В период создания марксистской политэкономии понятием ценности продукта можно было с полным основанием пренебречь и включить его в понятие потребительной стоимости. Элементарность массового потребительского рынка приводила к тому, что потреблялись продукты промышленного производства, удовлетворявшие простейшие утилитарные потребности, – номенклатура изделий массового потребления была чрезвычайно узкой. В этих условиях само приобретение, владение вещью было определенной содержательной и символической, культурной ценностью. Владение набором предметов, служивших в течение многих лет, десятилетий, а в ряде случаев и поколений, не только определяло уровень бытия семьи (отдельного человека), но и служило выражением его статуса и в неформальной группе. Поэтому утилитарная полезность вещи, потребительная стоимость и ее ценность практически совпадали. Правда, в очень узком слое элитарного потребления действовали уже более сложные отношения. В стоимость продуктов малосерийного промышленного или ремесленного производства, ориентированного на узкоэлитарный потребительский рынок, уже входила дополнительная ценность продукта, не имевшая прямой взаимосвязи с его утилитарной ценностью, привнесенная трудом художников, украшавших продукт в соответствии со вкусами своего времени и целевого потребительского слоя. Функцию привнесения в утилитарный продукт дополнительных качеств, увеличивавших его ценность в глазах потребителя (а значит, и его стоимость), выполняло прикладное искусство. Однако и этот элитарный уровень потребления был по сути своей элементарным: при всем значении, которое придавалось дополнительным качествам, привнесенным в вещь прикладным искусством, товаром все же была сама вещь – ее утилитарные свойства. Приобретение самих дополнительных качеств в чистом виде, безотносительно к утилитарной ценности вещи, даже и в этом элитарном потреблении было еще более узким. Тогда вещь рассматривалась уже не как утилитарный предмет, не как вещь, а как произведение искусства и соответственно оценивалась: солонка Бенвенутто Челлини или керамика Бернара Палисси фактически уже были не вещами, а только произведениями искусства.

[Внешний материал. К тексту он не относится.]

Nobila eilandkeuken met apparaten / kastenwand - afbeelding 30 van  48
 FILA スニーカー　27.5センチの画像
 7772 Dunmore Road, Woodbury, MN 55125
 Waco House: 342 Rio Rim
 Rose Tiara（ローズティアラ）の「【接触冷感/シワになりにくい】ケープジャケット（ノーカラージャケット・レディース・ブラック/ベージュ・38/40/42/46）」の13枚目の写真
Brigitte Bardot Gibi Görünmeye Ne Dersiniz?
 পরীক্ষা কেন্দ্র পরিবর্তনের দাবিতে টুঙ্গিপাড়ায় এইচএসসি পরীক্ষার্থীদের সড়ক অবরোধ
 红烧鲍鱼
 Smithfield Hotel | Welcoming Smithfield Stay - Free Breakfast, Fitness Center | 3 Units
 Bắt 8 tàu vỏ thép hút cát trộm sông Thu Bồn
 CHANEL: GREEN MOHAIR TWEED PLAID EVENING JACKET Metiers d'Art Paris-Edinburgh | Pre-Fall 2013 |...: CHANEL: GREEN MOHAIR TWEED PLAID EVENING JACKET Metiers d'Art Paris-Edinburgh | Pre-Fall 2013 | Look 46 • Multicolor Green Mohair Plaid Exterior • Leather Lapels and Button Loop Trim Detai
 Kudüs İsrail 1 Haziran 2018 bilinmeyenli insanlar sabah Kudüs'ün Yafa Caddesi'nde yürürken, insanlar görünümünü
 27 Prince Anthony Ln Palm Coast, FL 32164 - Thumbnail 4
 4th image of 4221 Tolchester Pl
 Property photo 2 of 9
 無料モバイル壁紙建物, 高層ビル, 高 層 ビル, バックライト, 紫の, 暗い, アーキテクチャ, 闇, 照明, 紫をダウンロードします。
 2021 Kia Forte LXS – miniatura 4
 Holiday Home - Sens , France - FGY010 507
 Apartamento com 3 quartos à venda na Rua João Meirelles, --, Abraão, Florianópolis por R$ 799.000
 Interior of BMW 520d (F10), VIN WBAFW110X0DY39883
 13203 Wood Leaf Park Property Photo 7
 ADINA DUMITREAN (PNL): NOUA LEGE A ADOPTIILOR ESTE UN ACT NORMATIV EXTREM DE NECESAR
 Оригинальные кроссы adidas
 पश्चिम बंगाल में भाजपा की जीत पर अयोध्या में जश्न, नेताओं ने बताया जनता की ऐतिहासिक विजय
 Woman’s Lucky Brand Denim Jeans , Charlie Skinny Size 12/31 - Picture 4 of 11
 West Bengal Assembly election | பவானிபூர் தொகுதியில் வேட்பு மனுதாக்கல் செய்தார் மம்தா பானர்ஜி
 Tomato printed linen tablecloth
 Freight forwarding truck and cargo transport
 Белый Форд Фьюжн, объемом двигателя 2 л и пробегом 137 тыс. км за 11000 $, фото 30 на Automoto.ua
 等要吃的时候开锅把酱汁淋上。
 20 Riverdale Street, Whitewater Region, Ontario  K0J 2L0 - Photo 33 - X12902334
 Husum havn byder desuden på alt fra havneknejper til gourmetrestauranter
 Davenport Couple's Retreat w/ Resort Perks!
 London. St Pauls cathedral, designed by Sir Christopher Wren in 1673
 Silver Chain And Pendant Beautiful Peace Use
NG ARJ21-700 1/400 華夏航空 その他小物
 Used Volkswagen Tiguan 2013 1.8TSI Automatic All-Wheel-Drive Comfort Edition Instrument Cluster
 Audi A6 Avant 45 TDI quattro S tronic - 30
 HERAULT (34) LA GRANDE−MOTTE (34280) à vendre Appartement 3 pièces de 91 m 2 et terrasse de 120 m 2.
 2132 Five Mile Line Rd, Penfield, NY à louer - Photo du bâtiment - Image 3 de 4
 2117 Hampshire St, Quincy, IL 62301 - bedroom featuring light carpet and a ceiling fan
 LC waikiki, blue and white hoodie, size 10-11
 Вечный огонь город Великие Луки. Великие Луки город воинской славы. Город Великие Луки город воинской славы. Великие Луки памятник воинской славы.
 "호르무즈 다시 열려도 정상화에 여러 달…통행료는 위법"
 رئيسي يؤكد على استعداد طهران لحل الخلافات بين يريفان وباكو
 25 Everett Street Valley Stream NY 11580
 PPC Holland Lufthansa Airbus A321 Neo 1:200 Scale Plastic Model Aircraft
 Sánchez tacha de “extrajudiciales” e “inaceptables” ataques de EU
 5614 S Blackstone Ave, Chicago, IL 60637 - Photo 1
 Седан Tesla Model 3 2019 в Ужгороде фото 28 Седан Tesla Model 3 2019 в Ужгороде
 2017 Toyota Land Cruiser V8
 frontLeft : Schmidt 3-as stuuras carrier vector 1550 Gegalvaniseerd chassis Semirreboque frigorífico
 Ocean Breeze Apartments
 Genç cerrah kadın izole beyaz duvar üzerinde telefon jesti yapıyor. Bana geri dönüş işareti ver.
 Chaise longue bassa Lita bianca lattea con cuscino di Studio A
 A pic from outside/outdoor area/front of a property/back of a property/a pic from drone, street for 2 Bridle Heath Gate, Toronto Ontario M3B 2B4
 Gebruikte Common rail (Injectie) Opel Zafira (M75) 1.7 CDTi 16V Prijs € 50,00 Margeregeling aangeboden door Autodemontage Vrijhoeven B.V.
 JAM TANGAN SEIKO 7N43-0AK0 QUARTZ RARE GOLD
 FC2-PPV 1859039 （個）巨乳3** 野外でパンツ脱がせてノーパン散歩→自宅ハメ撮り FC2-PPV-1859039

Появление новой вещи, выполнявшей ту же утилитарную функцию, независимо от ценности ее дополнительных качеств, привнесенных трудом художника, не уничтожало ценности старой вещи, выполнявшей эту же утилитарную функцию. Для элитарного потребления в целом было характерно накопление вещей аналогичного назначения и отличавшихся привнесенными качествами – опять-таки само владение множеством однородных продуктов обладало социально-культурной ценностью и выражало статус владельца.